Поддержать близкую подругу Диана решила, хлестко ответив разлучнице. Нелестные комментарии ушли в сеть. А после – ей позвонили. Вызвали в суд.
Диана Герасимова:
«На неё писала: «Такая-растакая, на твоем носу десятеро повеситься могут». Прости меня, Господи, но это, правда, нос там длинный, объективно. На суде был полный сюр! И меня оправдали!».
Сложись все иначе, грозил бы штраф. За оскорбление – 20 базовых – а это 510 рублей. Привлечь обидчика в интернете проще: де-юре есть факт распространения. Разлетается информация очень быстро, а вот источник нередко обезличен.
Андрей Ковалёв, начальник управления по раскрытию преступлений в сфере высоких технологий ГУВД Мингорисполкома:
«Вообще в сети сложно отследить независимо Telegram, WhatsApp, какие-либо другие мессенджеры, каналы. Это большая техническая, аналитическая работа. Сложно, но возможно».
Большой толковый, академический… Но разбирая оскорбление, одним наследием Даля не обойтись. На столе – антология жаргона, сленга и брани. В работе эксперта – до пяти словарей. Одновременно. Крепких выражений выпускник филфака не приемлет, но в деле они неизбежны. Артем Кононенко занимается лингвистической экспертизой. То есть отвечает, имеет ли место негативная оценка. Анализ невозможен без контекста. Важно понимать «что? где? кому? и как?» кто сказал. Например, брань может оказаться просто междометием, а литературное – вполне потянуть на оскорбление.
Артём Кононенко, государственный судебный эксперт отдела фоносокопии Центрального аппарата Государственного комитета судебных экспертиз Беларуси:
«Когда две подружки или два друга называют друг друга «дурак», естественно, это оскорблением не будет. Если в суде председательствующего по делу назовете «дураком», то здесь уже может усматриваться состав преступления – оскорбление судьи».

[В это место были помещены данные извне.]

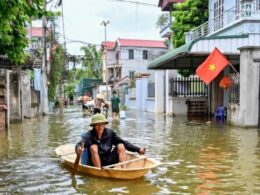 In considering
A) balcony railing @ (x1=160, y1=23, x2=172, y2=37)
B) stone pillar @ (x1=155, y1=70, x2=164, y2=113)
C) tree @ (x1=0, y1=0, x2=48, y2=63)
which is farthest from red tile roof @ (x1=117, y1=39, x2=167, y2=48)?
tree @ (x1=0, y1=0, x2=48, y2=63)

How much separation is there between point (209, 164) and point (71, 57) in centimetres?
4067

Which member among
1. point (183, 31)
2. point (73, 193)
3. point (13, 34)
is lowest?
point (73, 193)

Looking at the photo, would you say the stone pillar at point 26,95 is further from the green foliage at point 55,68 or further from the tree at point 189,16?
the green foliage at point 55,68

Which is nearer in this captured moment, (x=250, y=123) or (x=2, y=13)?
(x=2, y=13)

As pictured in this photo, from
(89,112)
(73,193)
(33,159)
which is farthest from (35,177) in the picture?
(89,112)

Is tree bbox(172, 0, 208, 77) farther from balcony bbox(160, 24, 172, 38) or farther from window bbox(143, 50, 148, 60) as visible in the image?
window bbox(143, 50, 148, 60)

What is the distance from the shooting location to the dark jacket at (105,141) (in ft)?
28.7

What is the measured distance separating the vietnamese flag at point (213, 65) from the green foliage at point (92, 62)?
167ft

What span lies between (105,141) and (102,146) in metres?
0.12

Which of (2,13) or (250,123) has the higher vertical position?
(2,13)

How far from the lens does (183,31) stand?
3070 cm

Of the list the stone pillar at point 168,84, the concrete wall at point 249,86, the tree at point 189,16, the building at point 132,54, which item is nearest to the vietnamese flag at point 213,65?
the concrete wall at point 249,86

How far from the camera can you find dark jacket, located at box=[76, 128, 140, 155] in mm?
8750

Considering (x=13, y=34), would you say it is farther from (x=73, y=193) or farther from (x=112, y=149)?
(x=73, y=193) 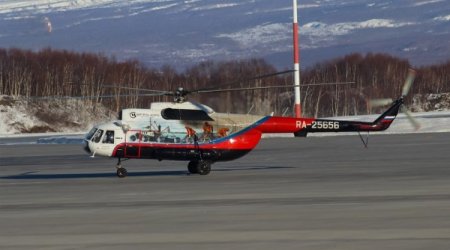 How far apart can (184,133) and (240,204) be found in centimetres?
864

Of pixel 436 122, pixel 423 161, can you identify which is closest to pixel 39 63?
pixel 436 122

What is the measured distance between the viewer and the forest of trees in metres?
52.6

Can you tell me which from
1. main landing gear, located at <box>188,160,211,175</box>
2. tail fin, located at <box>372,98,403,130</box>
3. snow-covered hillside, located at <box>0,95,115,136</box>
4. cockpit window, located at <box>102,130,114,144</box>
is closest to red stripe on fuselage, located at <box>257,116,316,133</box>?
main landing gear, located at <box>188,160,211,175</box>

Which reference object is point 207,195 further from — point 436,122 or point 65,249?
point 436,122

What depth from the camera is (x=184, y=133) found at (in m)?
30.0

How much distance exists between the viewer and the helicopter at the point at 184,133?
2988 centimetres

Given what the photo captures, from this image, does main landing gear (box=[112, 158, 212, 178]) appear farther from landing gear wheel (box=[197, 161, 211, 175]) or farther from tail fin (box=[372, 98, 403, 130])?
tail fin (box=[372, 98, 403, 130])

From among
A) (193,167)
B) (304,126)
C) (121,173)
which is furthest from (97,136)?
(304,126)

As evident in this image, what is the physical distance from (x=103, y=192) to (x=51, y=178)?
566 cm

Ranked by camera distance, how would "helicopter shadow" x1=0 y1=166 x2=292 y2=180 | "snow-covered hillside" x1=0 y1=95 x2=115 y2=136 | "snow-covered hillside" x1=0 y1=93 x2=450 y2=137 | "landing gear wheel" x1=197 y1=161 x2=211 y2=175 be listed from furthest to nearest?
1. "snow-covered hillside" x1=0 y1=95 x2=115 y2=136
2. "snow-covered hillside" x1=0 y1=93 x2=450 y2=137
3. "helicopter shadow" x1=0 y1=166 x2=292 y2=180
4. "landing gear wheel" x1=197 y1=161 x2=211 y2=175

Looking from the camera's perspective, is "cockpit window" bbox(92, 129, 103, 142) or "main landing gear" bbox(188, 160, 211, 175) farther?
"main landing gear" bbox(188, 160, 211, 175)

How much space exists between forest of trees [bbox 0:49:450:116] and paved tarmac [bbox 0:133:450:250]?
7892 millimetres

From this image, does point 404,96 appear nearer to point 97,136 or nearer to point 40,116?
point 97,136

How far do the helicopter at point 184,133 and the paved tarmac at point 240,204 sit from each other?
64 cm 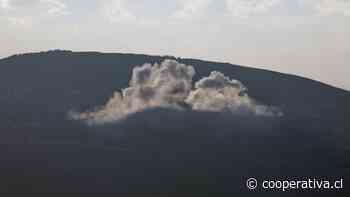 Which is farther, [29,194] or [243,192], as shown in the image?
[243,192]

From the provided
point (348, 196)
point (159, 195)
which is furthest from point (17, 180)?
point (348, 196)

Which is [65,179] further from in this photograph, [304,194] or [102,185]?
[304,194]

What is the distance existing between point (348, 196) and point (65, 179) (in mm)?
94343

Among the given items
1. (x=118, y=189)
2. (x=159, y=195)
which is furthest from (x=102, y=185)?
(x=159, y=195)

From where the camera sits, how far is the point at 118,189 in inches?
7480

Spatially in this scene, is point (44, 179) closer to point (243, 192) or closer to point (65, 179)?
point (65, 179)

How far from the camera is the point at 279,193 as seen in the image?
187000mm

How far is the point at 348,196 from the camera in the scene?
624 ft

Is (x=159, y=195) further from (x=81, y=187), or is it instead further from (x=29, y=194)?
(x=29, y=194)

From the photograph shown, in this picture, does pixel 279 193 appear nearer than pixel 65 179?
Yes

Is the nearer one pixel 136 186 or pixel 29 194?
pixel 29 194

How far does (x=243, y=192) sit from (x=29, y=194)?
70.2m

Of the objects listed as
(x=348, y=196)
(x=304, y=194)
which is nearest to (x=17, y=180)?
(x=304, y=194)

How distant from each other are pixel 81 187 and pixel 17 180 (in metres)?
23.0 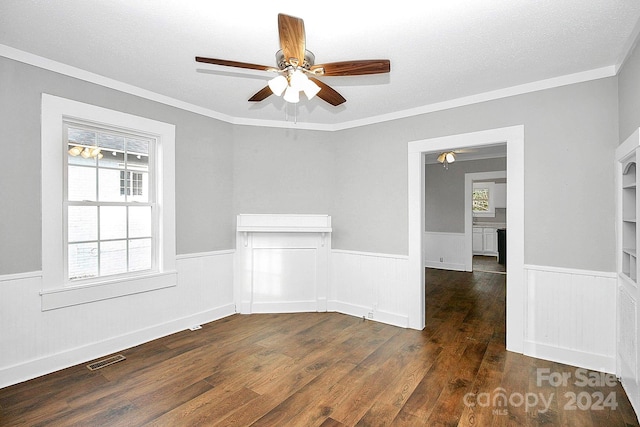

В прошлом году под суд в Беларуси попали почти 16 000 оскорбителей. Большинство дел было прекращено – стороны часто приходят к примирению. А вот по аналогичной статье, но уже Уголовного кодекса – осуждены 47 человек.
Дмитрий Улога, судья Верховного суда Беларуси:
«С 19 июля 2019 года статья 189 УК будет действовать в новой редакции. За повторное оскорбление в течение года будут привлекать к административной ответственности, и появляется уголовная ответственность за распространение информации в сети Интернет».
Оскорбление – вещь опасная. «Лишнее» слово может стоит репутации и даже миллионов. Известный дизайнер Стефано Габбано едва не лишился бизнеса, нелестно отозвавшись о внешности Селены Гомес. Примеров много. Публичные люди на виду и нередко становятся объектом не совсем конструктивной критики. У Алены Ланской – иммунитет. Закалило «Евровидение».
Алёна Ланская, заслуженная артистка Беларуси:
«Я все-таки настроена на позитив, я снисходительно отношусь к тем, кто так высказывается негативно. Это исключительно его проблема. Не моя проблема, и зачем я буду на себя это навешивать?».
Переход на личности почти всегда переходит черту. Не только речевой – правовой культуры. Кого-то слово бьет по живому, кого-то – по карману. Осадок остается, пусть и до суда доходит не всегда.